We all age …even the accounts receivables! Aging accounts receivables refer to the length of time an invoice has been outstanding. It is not advantageous to let account receivables age. It’s healthier for a company to ensure invoices are honored on time instead of payments getting delinquent or aged.
Mostly we do not default on payments of our utility bills like corporation tax/ water and property tax/ electricity bills. We get billed after the utility of these services. Because these are essential for our daily living we ensure we pay on time or at least at the earliest with a small fine. We do get reminders for late payments before the authorities take further action.

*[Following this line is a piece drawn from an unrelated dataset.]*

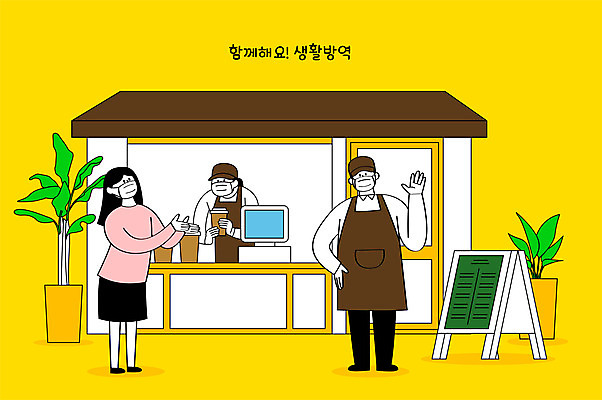 전신 여자 남자 화분 커피 일러스트 마스크 성인 세명 노란색 카페 테이크아웃 바리스타 입간판 성인만 생활방역 국내일러스트 AI파일 직업 음료 컬러 간판 사람 상점 방역 파일형식 벡터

However when it comes to returning of borrowed funds this responsibility to pay back on time is not taken very seriously. Firms offer credits for products and services so the customers choose their products over the competitors’ products. But when payments are not received on time or as committed it hinders the entire functioning of the company.
Accounts receivable aging is a periodic report is used as a gauge to determine the financial health of a company’s customers. If an accounts receivable aging demonstrates that a company’s receivables are being collected much slower than normal, this is a warning sign that business may be slowing down or that the company is taking greater credit risk in its sales practices. The report shows the complete outstanding’s that are due and overdue. The report enables the outstanding’s to be traceable and manageable.
This report enables a company to change its strategy in dealing with its clients especially the chronically late payers . If a company experiences difficulty collecting accounts, as evidenced by the accounts receivable aging report, specific customers may be extended business on a cash-only basis.